The Japanese Government donated US$572,000, while the Jamaican Government contributed US$160,800 in resources for a total amount of US$732,800.
There were five components under the project including the development of the registration programme for PWDs through the establishment of a new Management Information System; increasing public education and promotion; research, institutional strengthening and training; and improvement to the Early Stimulation Programme (ESP) for children with disabilities.
Principal Technical Lead and Inter-American Development Bank (IDB) representative from Japan, Kazushige Taniguchi, also had high commendations for the Jamaican team.
“We are very much impressed because as a donor from Japan and also the IDB, as a Manager of the trust fund we are very much interested with how the money is being implemented and how our technical assistance is implemented and how that affects the beneficiaries. We saw a very nice combination of the work with the Government and the team at the project sites…and we thank you,” he said.
Minister Kellier thanked the Japanese Government and the IDB for the assistance provided to PWDs.
“My Ministry and, by extension, the country have accomplished much over the years and we are tremendously grateful for the extensions provided, which have enabled us to implement this project,” he said.
The Social Security Minister added that the prospect for future collaboration is welcome as Jamaica would benefit significantly from the expertise of the Japanese.
“We are now looking forward to the next steps and would welcome opportunities to discuss continued collaboration and joint partnership with the Japanese Government.
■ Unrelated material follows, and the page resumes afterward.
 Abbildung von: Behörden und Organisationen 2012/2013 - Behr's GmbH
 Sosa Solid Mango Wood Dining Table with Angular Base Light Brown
There can be benefits from technical exchanges from the Japan International Cooperation Agency programme, of which we are already benefitting at the Jamaica Productivity Centre,’ he said.
ESP’s Executive Director, Antonica Gunter Gayle, also expressed her gratitude for the support received through the project and the positive impact that it has had on the special needs institution.
“I really appreciate this well-needed assistance. It has impacted our families of children with disabilities, the community, the teachers and the children and how they learn and the stimulation and the intervention that are taking place. The programme has touched many lives and it is our aim to include these children in our society,” she said.
For her part, JCPD’s Executive Director, Christine Hendricks, noted that the project has helped her agency to better plan for PWDs through the implementation of several initiatives.
“It had enhanced our capacity to register PWDs and to better understand the characteristics needed to profile PWDs. Out of this project, we have [also] been able to carry out a mass registration of PWDs. For the first time, we have a MIS that has been created specifically with data that will be utilised for further research and also for developmental planning,” she said.
Ms. Hendricks said the project has facilitated “much-needed” public awareness and education about disabilities and about the importance of the registration process.
“Out of the project, we also have a three-year communication plan, which is intent on strategically penetrating society with information about disabilities so that the stigma and misperceptions can decrease about PWDs, and as society understands more, society will begin to include them more,” she noted.